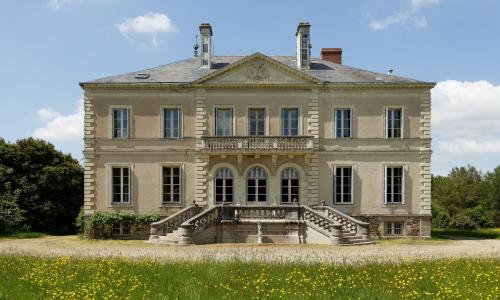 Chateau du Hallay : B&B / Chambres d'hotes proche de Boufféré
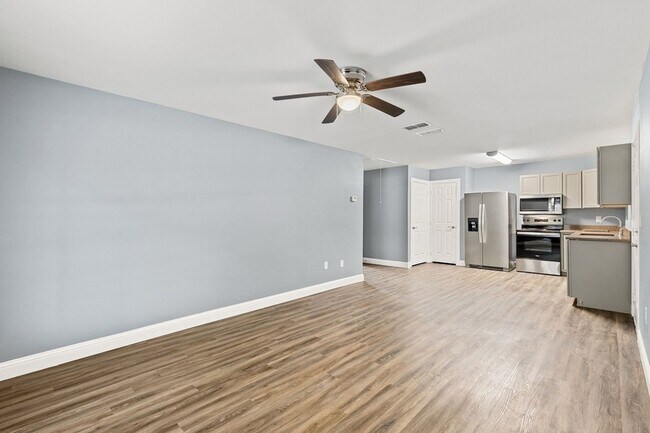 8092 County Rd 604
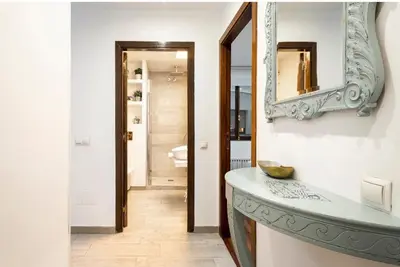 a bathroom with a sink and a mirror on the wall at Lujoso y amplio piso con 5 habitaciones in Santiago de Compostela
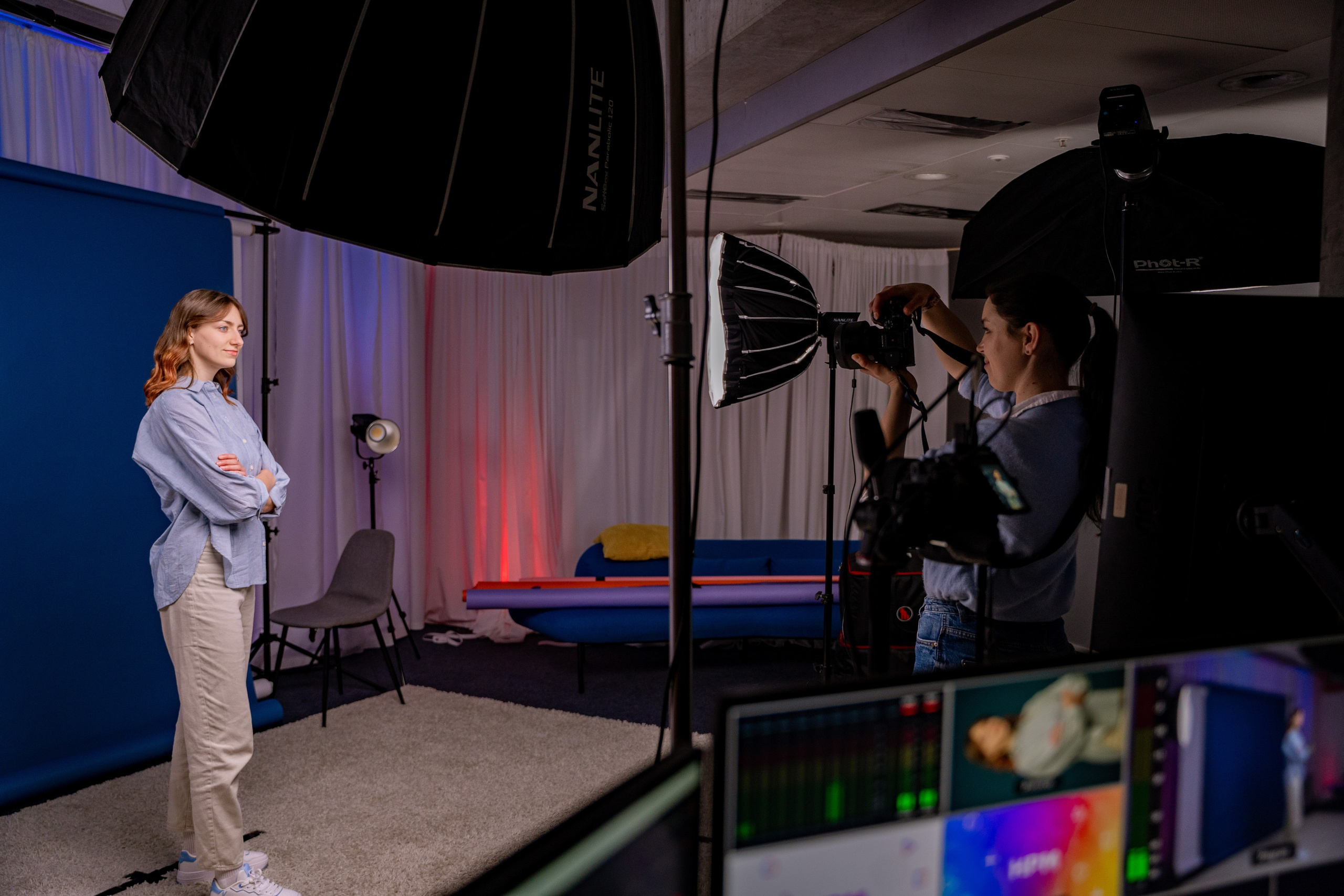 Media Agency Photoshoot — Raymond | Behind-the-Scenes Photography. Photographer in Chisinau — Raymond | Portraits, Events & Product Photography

...

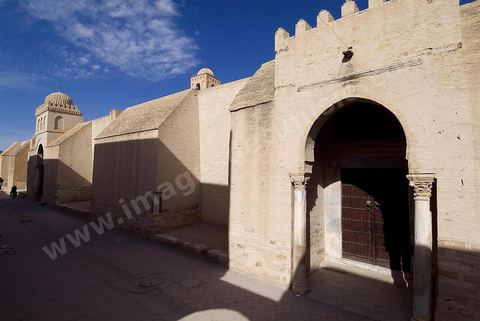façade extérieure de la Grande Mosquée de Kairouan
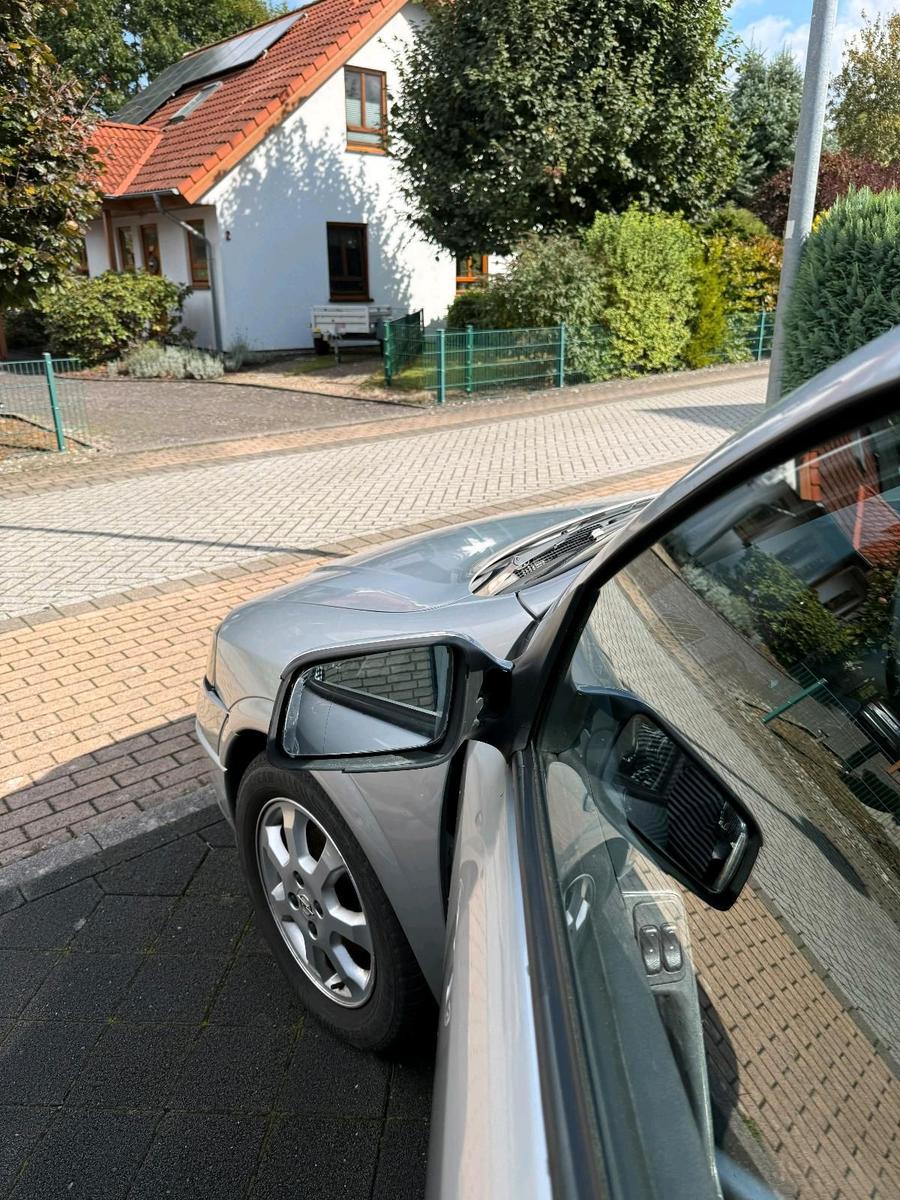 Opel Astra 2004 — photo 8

EXERCISE PROMPT.
Of the lines above, copy only those from the one holding "a bathroom with" to the one holding "Media Agency Photoshoot", both included, and exclude every image.

RESPONSE TO THIS EXERCISE.
 a bathroom with a sink and a mirror on the wall at Lujoso y amplio piso con 5 habitaciones in Santiago de Compostela
 Media Agency Photoshoot — Raymond | Behind-the-Scenes Photography. Photographer in Chisinau — Raymond | Portraits, Events & Product Photography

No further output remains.